While JHOVE processes this pdf, http://www.fcla.edu/daitss-test/files/01471-213X-12-33-S2.pdf, it runs out of all JAVA heap space. Is there an infinite loop during tag profile checking?
./jhove -c conf/jhove.conf -m pdf-hul ~/Workspace/describe/01471-213X-12-33-S2.pdf
Exception in thread "main" java.lang.OutOfMemoryError: Java heap space
at java.lang.AbstractStringBuilder.(AbstractStringBuilder.java:45)
at java.lang.StringBuilder.(StringBuilder.java:68)
at edu.harvard.hul.ois.jhove.module.pdf.Tokenizer.getNext(Unknown Source)
at edu.harvard.hul.ois.jhove.module.pdf.Parser.getNext(Unknown Source)
at edu.harvard.hul.ois.jhove.module.pdf.Parser.getNext(Unknown Source)
at edu.harvard.hul.ois.jhove.module.pdf.Parser.readObject(Unknown Source)
at edu.harvard.hul.ois.jhove.module.pdf.Parser.readArray(Unknown Source)
at edu.harvard.hul.ois.jhove.module.pdf.Parser.readObject(Unknown Source)
at edu.harvard.hul.ois.jhove.module.pdf.Parser.readDictionary(Unknown Source)
at edu.harvard.hul.ois.jhove.module.pdf.Parser.readObject(Unknown Source)

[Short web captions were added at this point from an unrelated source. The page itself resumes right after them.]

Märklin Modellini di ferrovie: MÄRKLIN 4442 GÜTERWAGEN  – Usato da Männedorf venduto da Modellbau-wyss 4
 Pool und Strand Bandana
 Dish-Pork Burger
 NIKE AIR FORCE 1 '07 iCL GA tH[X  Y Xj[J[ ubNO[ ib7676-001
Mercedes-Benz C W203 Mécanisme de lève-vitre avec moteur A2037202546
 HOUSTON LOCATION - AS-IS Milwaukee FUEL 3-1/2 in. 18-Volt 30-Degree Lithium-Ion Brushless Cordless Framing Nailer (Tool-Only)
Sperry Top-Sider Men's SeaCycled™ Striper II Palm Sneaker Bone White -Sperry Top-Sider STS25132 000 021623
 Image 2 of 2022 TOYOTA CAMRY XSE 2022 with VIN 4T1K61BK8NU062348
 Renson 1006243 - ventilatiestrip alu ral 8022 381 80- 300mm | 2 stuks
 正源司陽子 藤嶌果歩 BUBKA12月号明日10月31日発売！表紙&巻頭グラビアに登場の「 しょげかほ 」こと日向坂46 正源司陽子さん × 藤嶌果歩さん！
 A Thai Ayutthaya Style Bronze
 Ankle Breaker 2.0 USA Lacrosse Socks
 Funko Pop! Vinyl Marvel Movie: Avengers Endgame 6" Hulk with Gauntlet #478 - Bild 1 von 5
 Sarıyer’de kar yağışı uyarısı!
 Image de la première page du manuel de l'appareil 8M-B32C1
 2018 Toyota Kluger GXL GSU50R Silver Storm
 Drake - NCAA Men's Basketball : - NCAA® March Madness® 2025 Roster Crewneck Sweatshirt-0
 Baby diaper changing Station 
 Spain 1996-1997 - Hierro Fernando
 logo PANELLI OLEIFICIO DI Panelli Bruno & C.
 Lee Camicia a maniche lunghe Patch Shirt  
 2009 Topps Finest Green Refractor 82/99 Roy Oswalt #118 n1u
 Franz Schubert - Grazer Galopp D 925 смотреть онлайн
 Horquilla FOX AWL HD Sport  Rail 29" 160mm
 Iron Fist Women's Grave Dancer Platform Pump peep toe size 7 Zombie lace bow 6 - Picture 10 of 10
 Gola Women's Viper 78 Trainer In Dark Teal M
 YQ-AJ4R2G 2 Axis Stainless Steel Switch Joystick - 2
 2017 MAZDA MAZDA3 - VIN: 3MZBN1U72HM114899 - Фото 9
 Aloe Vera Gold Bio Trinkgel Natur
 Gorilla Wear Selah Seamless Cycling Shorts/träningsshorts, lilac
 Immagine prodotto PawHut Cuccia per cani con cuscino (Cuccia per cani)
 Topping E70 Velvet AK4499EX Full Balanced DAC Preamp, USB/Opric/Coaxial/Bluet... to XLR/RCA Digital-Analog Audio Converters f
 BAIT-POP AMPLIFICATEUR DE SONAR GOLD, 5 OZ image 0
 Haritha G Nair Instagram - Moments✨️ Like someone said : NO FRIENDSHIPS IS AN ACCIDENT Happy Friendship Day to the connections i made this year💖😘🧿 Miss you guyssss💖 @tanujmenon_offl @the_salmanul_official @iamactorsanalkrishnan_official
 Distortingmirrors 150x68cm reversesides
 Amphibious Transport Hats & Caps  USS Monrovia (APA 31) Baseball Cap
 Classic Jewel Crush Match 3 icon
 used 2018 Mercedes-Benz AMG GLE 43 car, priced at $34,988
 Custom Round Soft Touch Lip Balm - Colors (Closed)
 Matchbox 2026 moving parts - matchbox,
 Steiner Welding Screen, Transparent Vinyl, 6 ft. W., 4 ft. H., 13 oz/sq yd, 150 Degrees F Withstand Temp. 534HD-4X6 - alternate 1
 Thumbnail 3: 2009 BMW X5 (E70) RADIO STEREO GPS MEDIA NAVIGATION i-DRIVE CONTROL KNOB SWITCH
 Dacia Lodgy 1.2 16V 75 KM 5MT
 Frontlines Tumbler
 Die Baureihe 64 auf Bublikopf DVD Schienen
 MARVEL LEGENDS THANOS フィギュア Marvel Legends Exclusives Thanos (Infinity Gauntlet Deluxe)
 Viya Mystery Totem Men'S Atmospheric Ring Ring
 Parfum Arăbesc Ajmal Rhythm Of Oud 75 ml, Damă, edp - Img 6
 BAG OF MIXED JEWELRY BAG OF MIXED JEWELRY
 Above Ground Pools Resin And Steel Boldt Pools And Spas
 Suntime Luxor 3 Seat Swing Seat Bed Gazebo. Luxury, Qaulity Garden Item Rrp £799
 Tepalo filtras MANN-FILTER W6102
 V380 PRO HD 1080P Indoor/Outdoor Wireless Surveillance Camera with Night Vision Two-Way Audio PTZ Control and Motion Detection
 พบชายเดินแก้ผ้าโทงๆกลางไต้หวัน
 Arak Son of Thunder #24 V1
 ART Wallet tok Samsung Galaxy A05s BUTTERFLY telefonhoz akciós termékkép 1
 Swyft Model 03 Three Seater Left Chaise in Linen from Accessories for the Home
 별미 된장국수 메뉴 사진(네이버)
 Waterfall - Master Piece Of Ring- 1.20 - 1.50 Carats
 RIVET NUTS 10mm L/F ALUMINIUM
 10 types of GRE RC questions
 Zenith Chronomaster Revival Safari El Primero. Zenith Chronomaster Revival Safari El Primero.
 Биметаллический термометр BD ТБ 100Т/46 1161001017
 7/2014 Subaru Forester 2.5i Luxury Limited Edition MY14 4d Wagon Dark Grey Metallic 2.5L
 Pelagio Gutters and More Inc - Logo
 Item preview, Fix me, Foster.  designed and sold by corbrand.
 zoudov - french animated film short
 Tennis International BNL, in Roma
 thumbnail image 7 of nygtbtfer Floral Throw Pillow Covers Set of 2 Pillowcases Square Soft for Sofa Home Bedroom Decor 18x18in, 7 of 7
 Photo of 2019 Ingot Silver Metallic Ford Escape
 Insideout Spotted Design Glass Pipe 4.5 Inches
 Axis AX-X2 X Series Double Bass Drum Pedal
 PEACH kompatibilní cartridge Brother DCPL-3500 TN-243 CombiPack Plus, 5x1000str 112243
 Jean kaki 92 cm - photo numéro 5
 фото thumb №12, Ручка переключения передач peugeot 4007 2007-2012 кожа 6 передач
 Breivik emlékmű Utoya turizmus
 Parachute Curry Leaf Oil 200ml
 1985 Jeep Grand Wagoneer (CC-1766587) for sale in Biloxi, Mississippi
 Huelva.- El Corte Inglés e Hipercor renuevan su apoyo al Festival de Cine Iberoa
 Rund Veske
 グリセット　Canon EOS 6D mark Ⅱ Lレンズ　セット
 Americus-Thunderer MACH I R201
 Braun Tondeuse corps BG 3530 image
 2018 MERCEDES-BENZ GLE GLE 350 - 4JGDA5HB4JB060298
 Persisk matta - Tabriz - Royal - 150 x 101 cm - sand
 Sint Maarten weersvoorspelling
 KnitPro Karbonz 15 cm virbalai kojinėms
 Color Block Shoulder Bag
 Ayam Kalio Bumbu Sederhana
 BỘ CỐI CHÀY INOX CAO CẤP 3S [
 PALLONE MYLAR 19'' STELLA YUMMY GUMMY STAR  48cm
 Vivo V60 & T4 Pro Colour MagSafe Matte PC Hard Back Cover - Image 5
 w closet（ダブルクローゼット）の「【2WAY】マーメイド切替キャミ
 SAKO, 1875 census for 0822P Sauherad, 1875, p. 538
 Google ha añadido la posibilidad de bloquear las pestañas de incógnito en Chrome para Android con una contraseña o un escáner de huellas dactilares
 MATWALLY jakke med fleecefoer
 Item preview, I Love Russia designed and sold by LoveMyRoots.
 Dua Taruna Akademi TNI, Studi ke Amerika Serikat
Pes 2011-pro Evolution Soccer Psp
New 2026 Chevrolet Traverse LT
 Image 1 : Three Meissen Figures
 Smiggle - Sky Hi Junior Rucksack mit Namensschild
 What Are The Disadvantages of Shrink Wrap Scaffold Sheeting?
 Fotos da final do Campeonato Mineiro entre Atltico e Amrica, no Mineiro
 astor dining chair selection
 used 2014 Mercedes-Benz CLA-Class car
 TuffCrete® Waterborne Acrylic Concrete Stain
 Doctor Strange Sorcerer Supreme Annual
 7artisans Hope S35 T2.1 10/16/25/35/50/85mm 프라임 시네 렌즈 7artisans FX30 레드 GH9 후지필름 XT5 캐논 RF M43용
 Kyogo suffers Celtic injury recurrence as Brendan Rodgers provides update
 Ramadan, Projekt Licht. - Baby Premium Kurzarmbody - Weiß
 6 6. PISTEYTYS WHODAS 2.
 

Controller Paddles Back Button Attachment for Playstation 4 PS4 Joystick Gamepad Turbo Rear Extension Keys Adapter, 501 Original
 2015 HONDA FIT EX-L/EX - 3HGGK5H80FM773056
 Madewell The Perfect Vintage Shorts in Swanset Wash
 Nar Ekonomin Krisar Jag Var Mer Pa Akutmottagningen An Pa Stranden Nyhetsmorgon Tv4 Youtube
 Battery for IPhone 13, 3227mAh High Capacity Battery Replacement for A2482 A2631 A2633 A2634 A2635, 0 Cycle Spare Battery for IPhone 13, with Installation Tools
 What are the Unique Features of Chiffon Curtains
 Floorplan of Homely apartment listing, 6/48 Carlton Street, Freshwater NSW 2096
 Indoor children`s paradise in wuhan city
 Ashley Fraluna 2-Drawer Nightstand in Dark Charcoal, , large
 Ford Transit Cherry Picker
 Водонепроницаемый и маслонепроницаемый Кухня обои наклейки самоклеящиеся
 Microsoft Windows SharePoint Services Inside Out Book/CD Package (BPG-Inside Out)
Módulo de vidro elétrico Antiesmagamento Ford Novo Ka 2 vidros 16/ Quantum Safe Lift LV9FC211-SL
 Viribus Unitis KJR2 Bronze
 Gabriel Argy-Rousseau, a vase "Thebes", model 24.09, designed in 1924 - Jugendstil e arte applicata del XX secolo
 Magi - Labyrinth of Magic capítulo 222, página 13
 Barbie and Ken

at edu.harvard.hul.ois.jhove.module.pdf.Parser.readObjectDef(Unknown Source)
at edu.harvard.hul.ois.jhove.module.pdf.Parser.readObjectDef(Unknown Source)
at edu.harvard.hul.ois.jhove.module.PdfModule.getObject(Unknown Source)
at edu.harvard.hul.ois.jhove.module.PdfModule.resolveIndirectObject(Unknown Source)
at edu.harvard.hul.ois.jhove.module.pdf.StructureElement.isStructElem(Unknown Source)
at edu.harvard.hul.ois.jhove.module.pdf.StructureElement.buildSubtree(Unknown Source)
at edu.harvard.hul.ois.jhove.module.pdf.StructureElement.buildSubtree(Unknown Source)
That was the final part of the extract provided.